The BCS system, by and large, has been about 90% accurate in determining the two "best" teams to play for the NC.  Not bad considering the great debates that emerged during previous NC crowning methods.  Obviously, "best" is based on varying definitions and is in the eye of the beholder (fan).  The real problem I have is not with the amount of money generated/dispursed, but that this mythical BCS body has now dictated the current changing conference landscape we're in.  Each conference not only wants to exist, but be considered an AQ to meet BCS consideration.  I don't know why all 120 FBS institutions couldn't just agree to boycott the BCS to force elimination of the AQ requirement.  If all conferences had equal opportunity for ranking and consideration, there should be no complaints about teams no getting their shot provided their competition was viable and they proved their merit on the field.

As far as a playoff goes, I was initially not in favor, but after doing some additional brainstorming I have come up with a plan that would not only accommodate up to 8 (deserving) teams, but would also not extend the season...at all.  This year for example, quarter-final games would be played on Dec 17 using existing bowls.  Semifinals would be played on Dec 31 or New Years day also using existing bowls, and the NCG would be 7 days later.  It would not extend the season, but only increase the number of games within the season for the teams in the playoffs, which is fair.  The BCS rankings could still be used to determine the final 8, but they MUST have won their conference AND be selected in BCS rank order.  So, last year's AQ UConn would not have been selected, even though they won their conference...it would have been Nevada or Boise if I'm not mistaken, who were ranked higher in the BCS standings.



Since: Oct 19, 2011
Posted on: October 19, 2011 6:00 pm
 

Which BCS component is least credible?

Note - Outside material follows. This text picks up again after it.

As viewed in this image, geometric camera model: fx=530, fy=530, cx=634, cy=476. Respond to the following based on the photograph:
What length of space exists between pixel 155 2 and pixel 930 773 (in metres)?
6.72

All of 'em

$$$$ - play off will never happen - $$$$

Playoffs mean that the season will run into College Basketball - networks won't let it happen.


Coaches Poll:  At best they watch game highlights or look at game stats (which we all know never tells the whole story).

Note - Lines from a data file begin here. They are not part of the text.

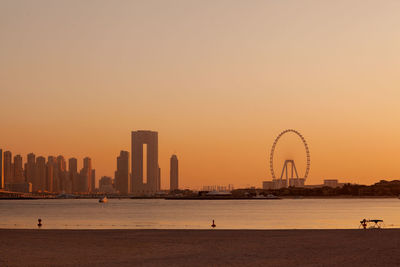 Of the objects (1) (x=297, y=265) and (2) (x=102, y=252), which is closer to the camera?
(1) (x=297, y=265)

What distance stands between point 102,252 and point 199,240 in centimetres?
826

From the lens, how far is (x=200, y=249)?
31.7m

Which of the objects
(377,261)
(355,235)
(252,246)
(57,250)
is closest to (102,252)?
(57,250)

Harris Poll:  only a select few get to vote?  I also don't understand who they mean "administrators." &n
bsp;Are these guys AD's?


I belive that the computer polls should be verified by an outside source, but.....


Do these guys on the clip actually think they can understand the STATICAL formula?  Most of these guys are ex-players (college major: basket-weaving)  or broadcast majors.  They CAN"T even read and understand the formula much less verify it!!!!


STUCK in BCS limbo.     
;     


   
     
     



Since: Jun 6, 2011
Posted on: October 19, 2011 12:11 pm
 

Which BCS component is least credible? All of 'em

The BCS is the biggest scam in NCAA history.

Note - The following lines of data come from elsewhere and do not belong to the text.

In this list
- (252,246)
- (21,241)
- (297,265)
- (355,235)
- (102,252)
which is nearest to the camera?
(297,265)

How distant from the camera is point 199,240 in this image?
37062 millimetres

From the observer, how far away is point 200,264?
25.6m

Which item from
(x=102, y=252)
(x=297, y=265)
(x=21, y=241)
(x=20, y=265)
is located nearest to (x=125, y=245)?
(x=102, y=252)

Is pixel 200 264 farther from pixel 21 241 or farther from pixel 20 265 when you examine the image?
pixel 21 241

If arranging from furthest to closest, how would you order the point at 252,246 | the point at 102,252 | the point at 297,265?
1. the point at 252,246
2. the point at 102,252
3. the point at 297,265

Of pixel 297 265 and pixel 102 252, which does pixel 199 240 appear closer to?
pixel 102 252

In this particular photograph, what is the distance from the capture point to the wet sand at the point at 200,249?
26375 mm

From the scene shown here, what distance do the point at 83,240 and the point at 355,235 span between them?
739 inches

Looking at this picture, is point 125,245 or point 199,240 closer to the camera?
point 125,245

The formation of mega conferences is the perfect senario for a PLAY OFF SYSTEM.

Get rid of the computers and play W's against W's until a single team remains.


It's a no brainer.     

    



Since: Dec 7, 2007
Posted on: October 19, 2011 10:37 am
 

Which BCS component is least credible? All of 'em

fantastic post, especially the last paragraph. 100 million dollars is disbursed based on trusting a few computer geeks?



Since: Nov 2, 2006
Posted on: October 19, 2011 6:12 am
 

Which BCS component is least credible? All of 'em

I never liked the computer rankings for what the article says, the formulas are not public and can be fixed. I trust the polls more than the computers.

The old BCS formula used to have a strength of schedule component, a loss penalty, and a quality win component. All of those components were objective, clear to all, and objective (as opposed to the computer rankings). Of course, the stupid BCS gets rid of these components and keeps the worst criteria of all.

I wouldn't trust the BCS with scissors.